En segundo lugar, cualquier «democracia verdadera» en el país significará la independencia del extranjero. No está claro cuál será el destino del tratado de paz de Egipto con Israel. Probablemente descansará en el poder de lo que siga siendo un ejército no reformado en el próximo gobierno egipcio.

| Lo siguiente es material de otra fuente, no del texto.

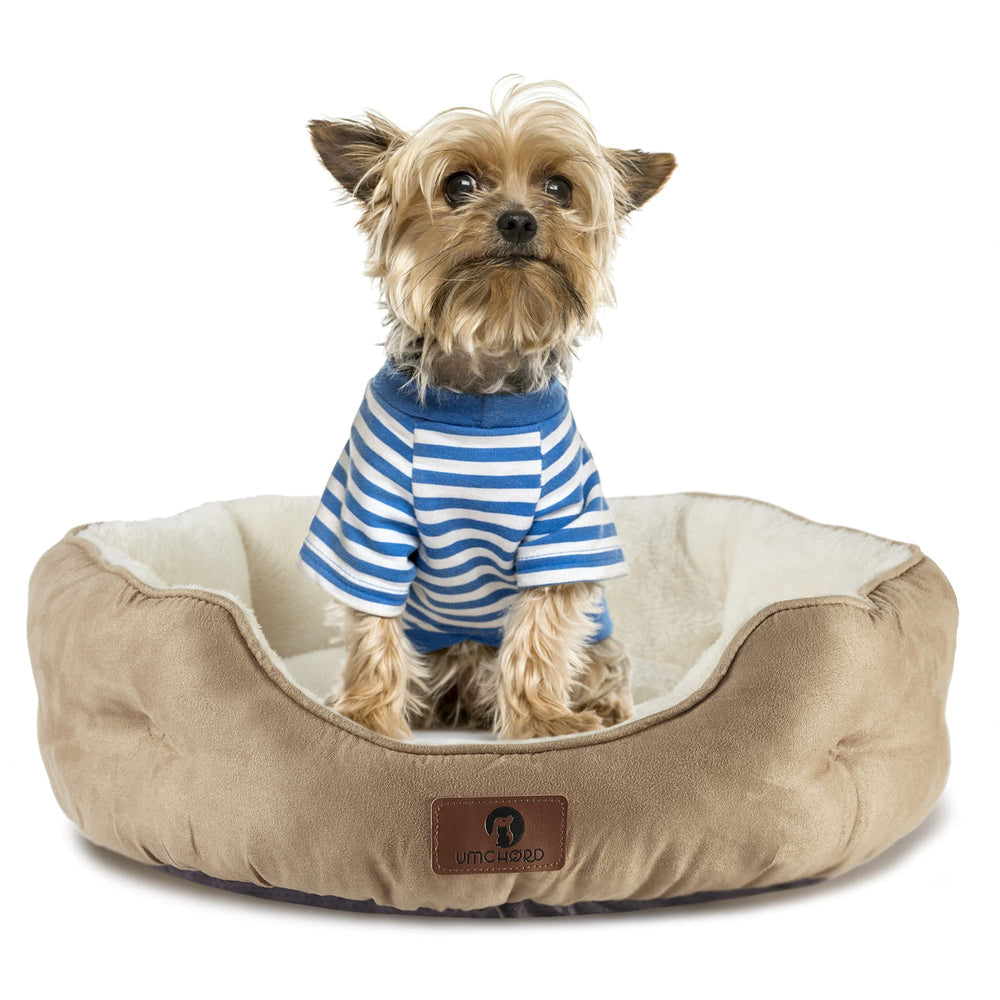 Asvin cama para gatos y perros pequeños, diseño redondo que ofrece apoyo de cabeza.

Pero una cosa está clara; a ningún ejército ni remotamente responsable ante un gobierno civil egipcio elegido se le permitirá nunca más colaborar en el asedio a Gaza, en la entrega a interrogadores y torturadores de las cárceles de Egipto de «sospechosos» señalados por la CIA, o en una farsa de «proceso de paz americana» que ofrece seguridad a Israel mientras coloniza lo que queda de Palestina. En cualquier Egipto libre el alcance de la paz se medirá por el alcance de la retirada de Israel de los territorios ocupados y por el grado de independencia palestina en su territorio.

Tal vez Estados Unidos transmita ese mensaje a sus aliados. Pero pocos en Egipto contendrán su respiración. Y quienes ayudaron a ventilar una chispa en un incendio en la pradera es probable que se encojan de hombros. «Si Estados Unidos apoya la revolución, es bueno para Estados Unidos», dijo Islam Lotfy en The New York Times el día 13 de la revolución. «Si no lo hacen, se trata de un asunto egipcio».